Red Sea CO2 indicator

mathman

Guru Class Expert
Mar 8, 2011
260
1
18
California
Hi,

I have a red sea co2 indicator whose instructions state to use aquarium water and a couple of drops from the provided solution. However, I read in some post that the co2 measurement is inaccurate when used with aquarium water. Instead they suggest to use a 4kh solution. Is their a way I can make this myself? If so, please explain what I need thank you.
 
Last edited by a moderator:

mathman

Guru Class Expert
Mar 8, 2011
260
1
18
California
Hi dutchy,

The link you provided states, "Now take the Measuring cylinder and fill up to the 450ml mark with Demin/RO and transfer to a 500ml sample jar, next add 50ml of the 40dKH to the same sample jar."

The step before this explains that one should mix 1000ml of RO water with 1.2 grams of sodium bicarbonate. If we are using only 50ml of this solution to the 500ml cylinder...what happens with the rest? Can it be used for later?
 
Last edited by a moderator:

mathman

Guru Class Expert
Mar 8, 2011
260
1
18
California
Two questions...

Is demin RO water the same as distilled water?

Will this DIY solution change colors (blue, green, and yellow) with respect to the co2 levels in the tank?

Thank you.
 

dutchy

Plant Guru Team
Lifetime Member
Jul 6, 2009
2,280
5
36
63
The Netherlands
I think full RO is the same as distilled... (correct me if I'm wrong)

Some evaporated water will enter the test. The colour changes because the pH changes. It's basically not more than a pH test.
 

mathman

Guru Class Expert
Mar 8, 2011
260
1
18
California
The addition of sodium bicarbonate will increase not only the KH level but also the pH of the RO water...is the pH increase unimportant as long as the solution comes out to be 4dKH?
 

pat w

Member
Nov 4, 2009
462
0
16
Daphne, AL (east Mobile Bay)
dutchy;74859 said:
I think full RO is the same as distilled... (correct me if I'm wrong)

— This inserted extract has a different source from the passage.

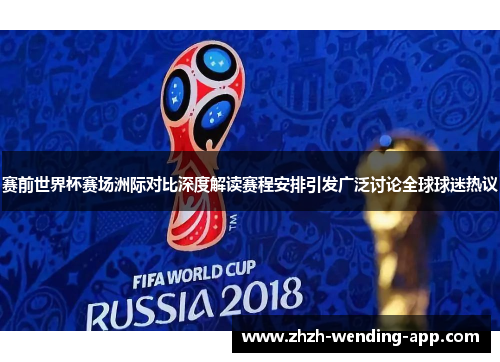 赛前世界杯赛场洲际对比深度解读赛程安排引发广泛讨论全球球迷热议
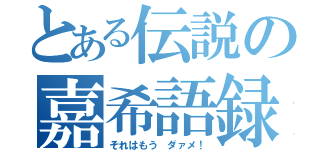 とある伝説の嘉希語録（それはもう ダァメ！）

Some evaporated water will enter the test. The colour changes because the pH changes. It's basically not more than a pH test.

Distilled is condensed water vapor and as such could contain lingering volatile components. RO is reverse osmosis. Water is passed through a RO membrane to remove contaminants and will produce a purer result. DI (de-Ionized) takes it one step further by passing the effluent of the RO product through a de-ionoizing resin bed. DI is about as pure H2O as you can get as far as I know.

In any event either distilled or RO is fine for making a DC solution. Just make sure the baking soda is very dry before you weigh it. Oven dry at 125 F for about an hour will do. Don't get it too hot or it will become sodium carbonate instead of BI-carbonate and the recipe is no longer valid.